Advantages of gpu stored memory:
- No gpu malware analysis tools available on web
- Can snoop on cpu host memory via DMA
- Gpu can be used for fast/swift mathematical calculations like xor'ing or parsing
- Stubs
- Malicious memory may be retained across warm reboots. (Did more conductive research on the theory of malicious memory still being in gpu after shutdown)
Requirements for use:
- Have OpenCL drivers/icds installed
- Nvidia or AMD graphics card (intel supports amd's sdk)
- Change line 103 in rootkit/kit.c to server ip you want to monitor gpu client from
Stay tuned for more features:
- client listener; let buffers stay stored in gpu until you send magic packet from server
Disclaimer: Educational purposes only; authors of this project/demonstration are in no way, shape or form responsible for what you may use this for whether illegal or not.
PLEASE READ:
- For some arbitrary reason this project as well as Demon, has been getting a decent amount of attention.
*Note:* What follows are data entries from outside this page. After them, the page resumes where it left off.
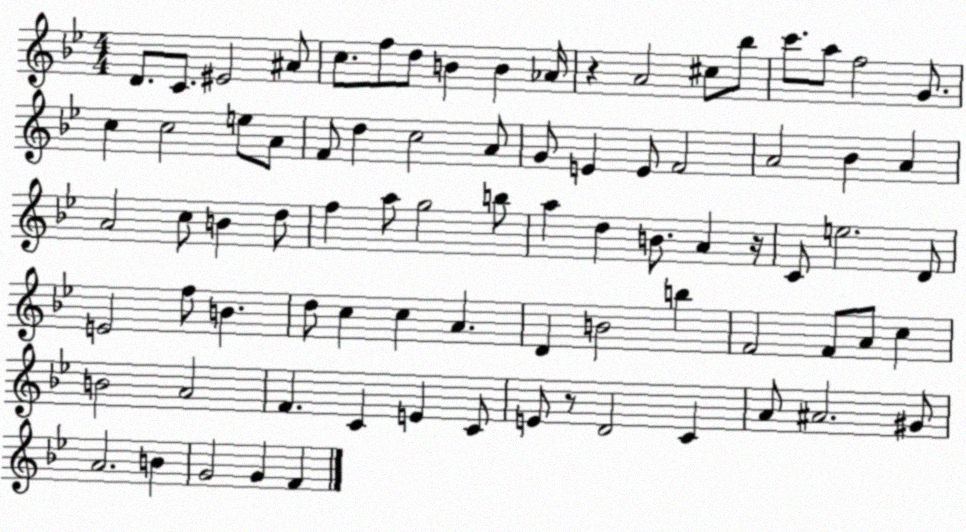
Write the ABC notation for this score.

X:1
T:Untitled
M:4/4
L:1/4
K:Bb
D/2 C/2 ^E2 ^A/2 c/2 f/2 d/2 B B _A/4 z A2 ^c/2 _b/2 c'/2 a/2 f2 G/2 c c2 e/2 A/2 F/2 d c2 A/2 G/2 E E/2 F2 A2 _B A A2 c/2 B d/2 f a/2 g2 b/2 a d B/2 A z/4 C/2 e2 D/2 E2 f/2 B d/2 c c A D B2 b F2 F/2 A/2 c B2 A2 F C E C/2 E/2 z/2 D2 C A/2 ^A2 ^G/2 A2 B G2 G F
That being said, we just want to notify everyone reading this that jellyfish is not complete nor has it even reached the expectations we wanted it to. We're still circling around ideas and pseudo code upon what we think is cool, so apologies to anyone disappointed that they still have a buggy still-in-beta application. Our goal was to make everyone AWARE that gpu based malware IS REAL; and obviously, telling from what's been publicized, we succeeded.
Also, to an individual that commented on an arstechnica article about us. Yes, we're very early in development for both projects, so sit tight and enjoy the show.